### ASSIGNMENT
Would you print every entry below exactly as written, omitting the images?

Stored records
┌────────

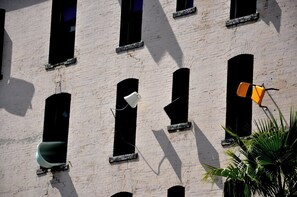 Fachada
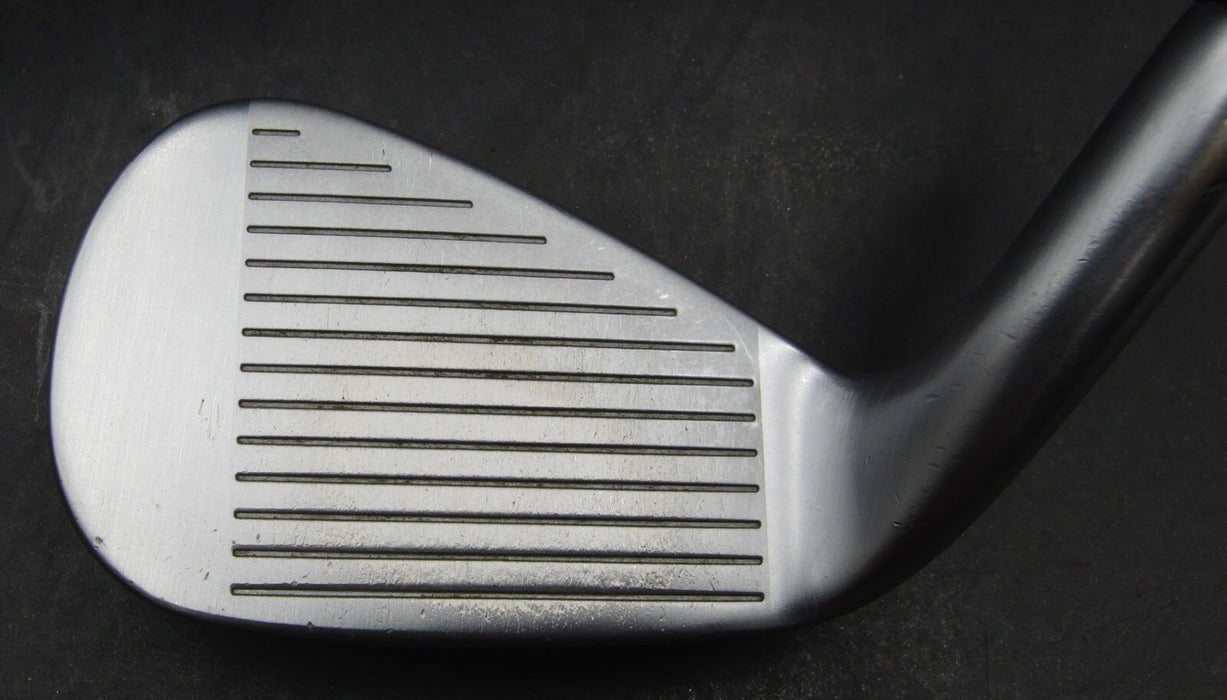 Callaway Apex TCB 8 Iron Extra Stiff Steel Shaft Golf Pride Grip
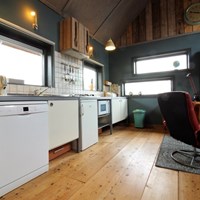 Boornbergum, Westerbuorren, 2-kamer appartement - foto 6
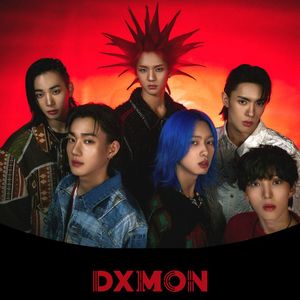 Spark （Cover DXMON）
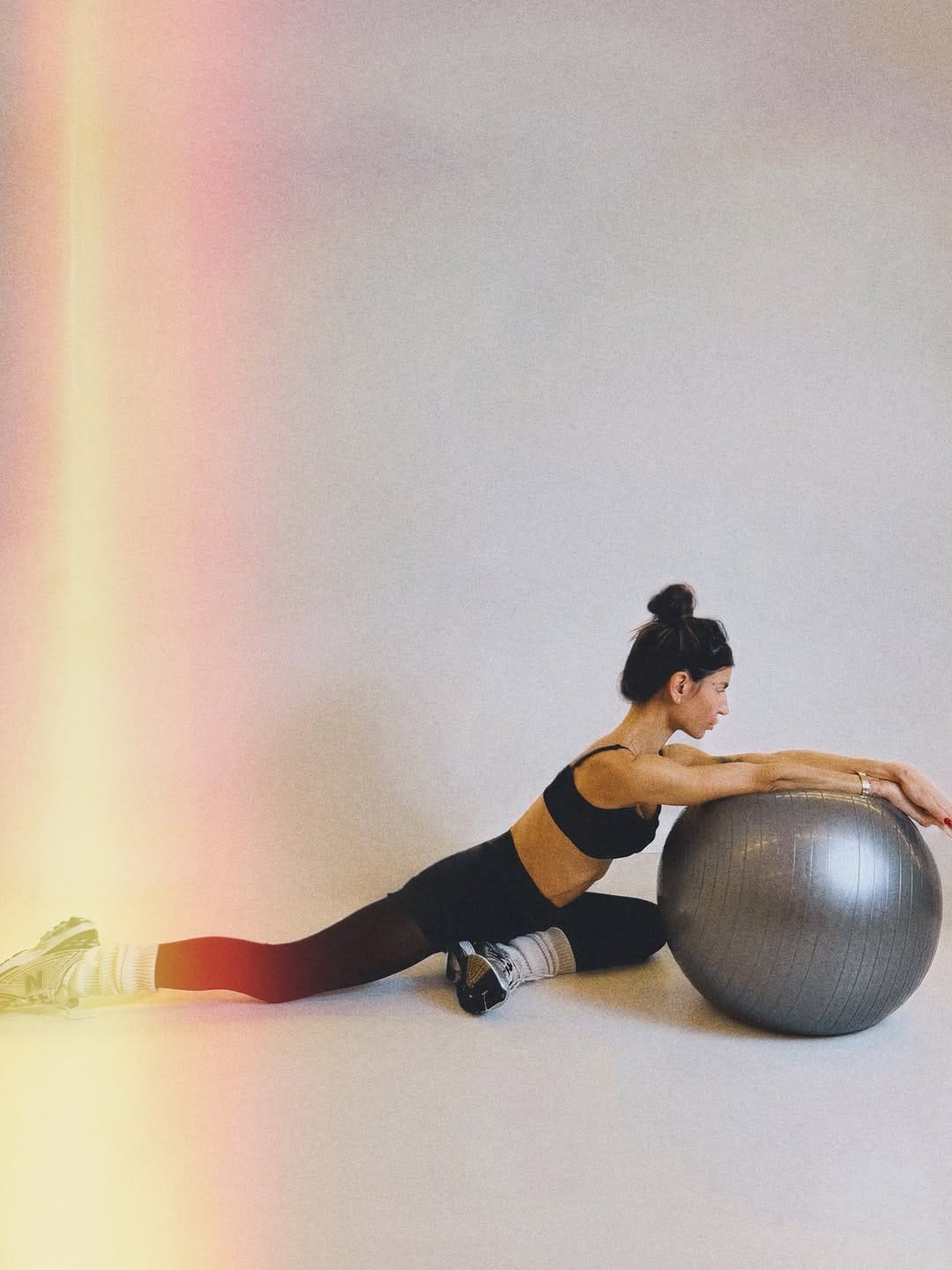 Post 2 by LINDA GASTALDELLO Mindbody Sculpt fitness coach on Instagram (image)
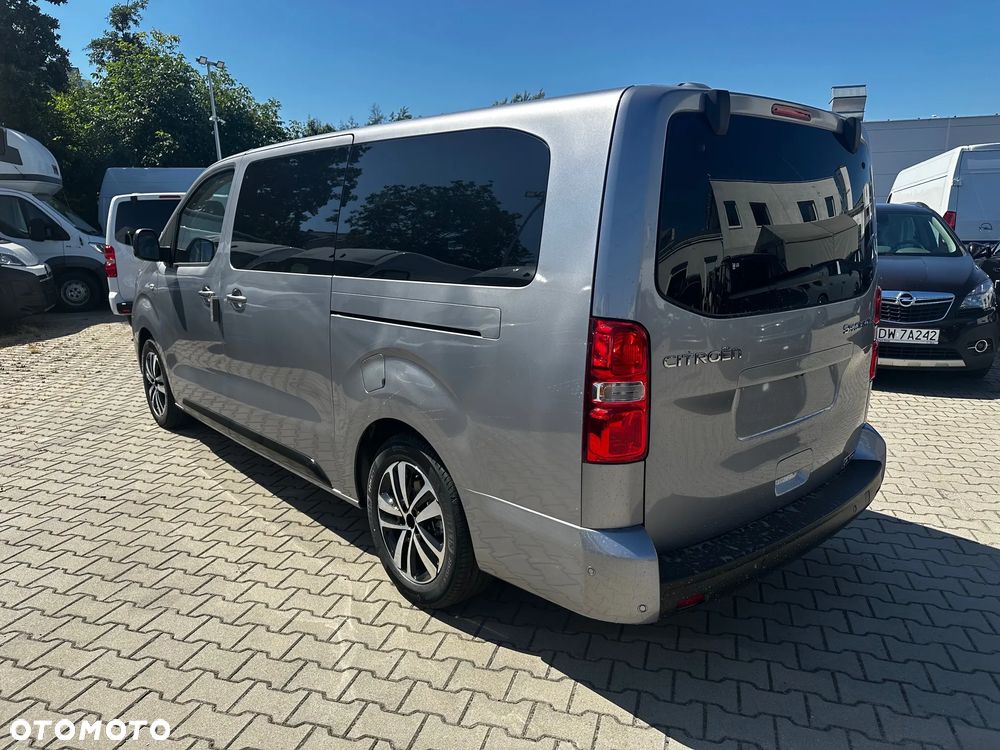 Citroën SpaceTourer - 4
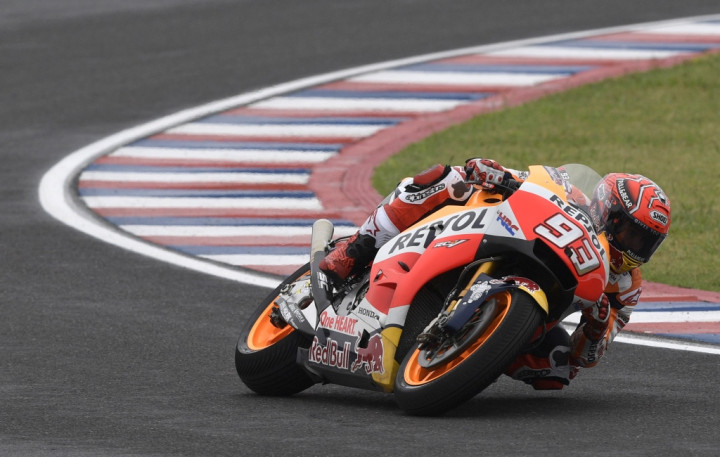 Klasemen Pembalap Usai MotoGP Austin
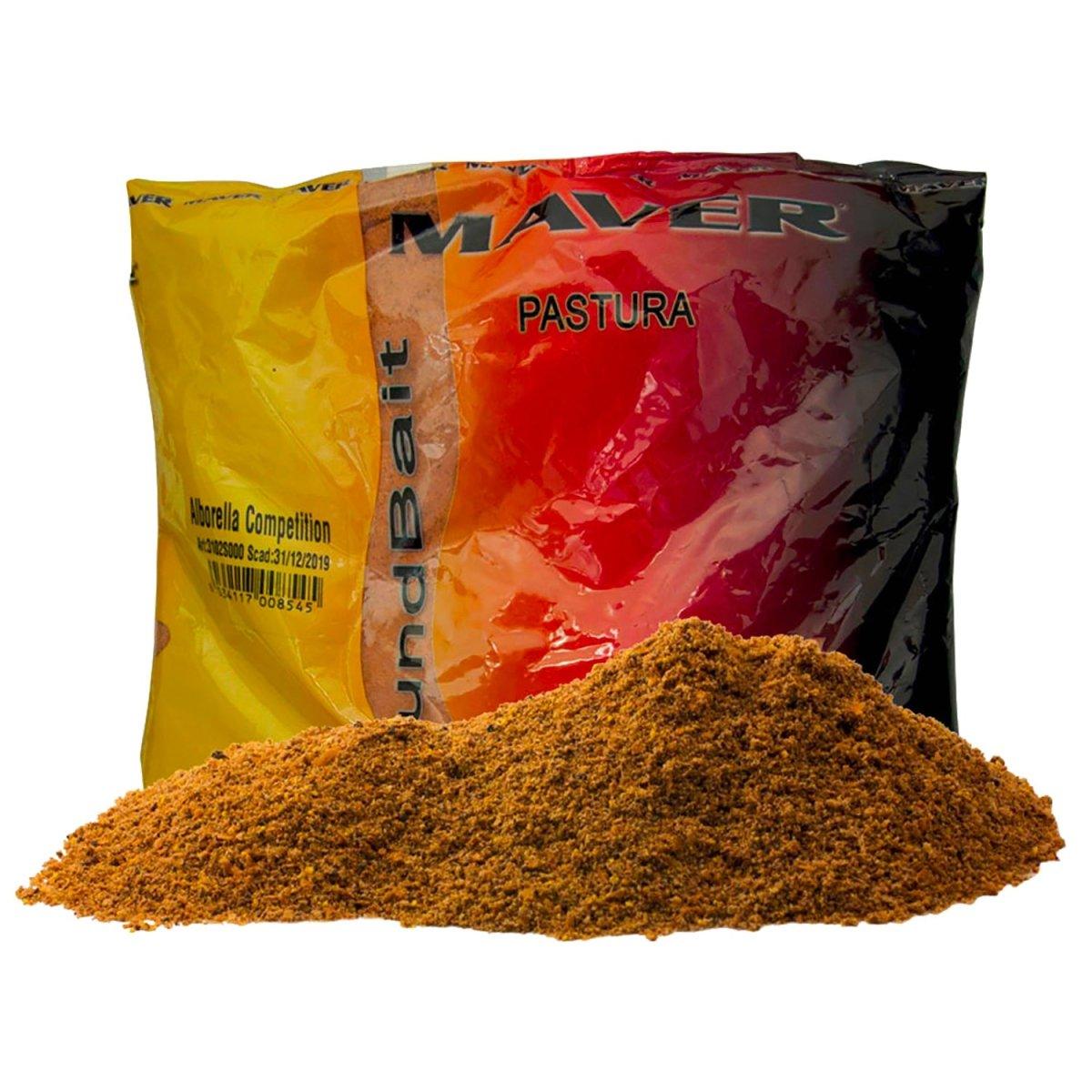 Pastura Alborella Competition 1Kg - Playfishing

└────────

### REPLY TO THE TASK
 Fachada
 Callaway Apex TCB 8 Iron Extra Stiff Steel Shaft Golf Pride Grip
 Boornbergum, Westerbuorren, 2-kamer appartement - foto 6
 Spark （Cover DXMON）
 Post 2 by LINDA GASTALDELLO Mindbody Sculpt fitness coach on Instagram (image)
 Citroën SpaceTourer - 4
 Klasemen Pembalap Usai MotoGP Austin
 Pastura Alborella Competition 1Kg - Playfishing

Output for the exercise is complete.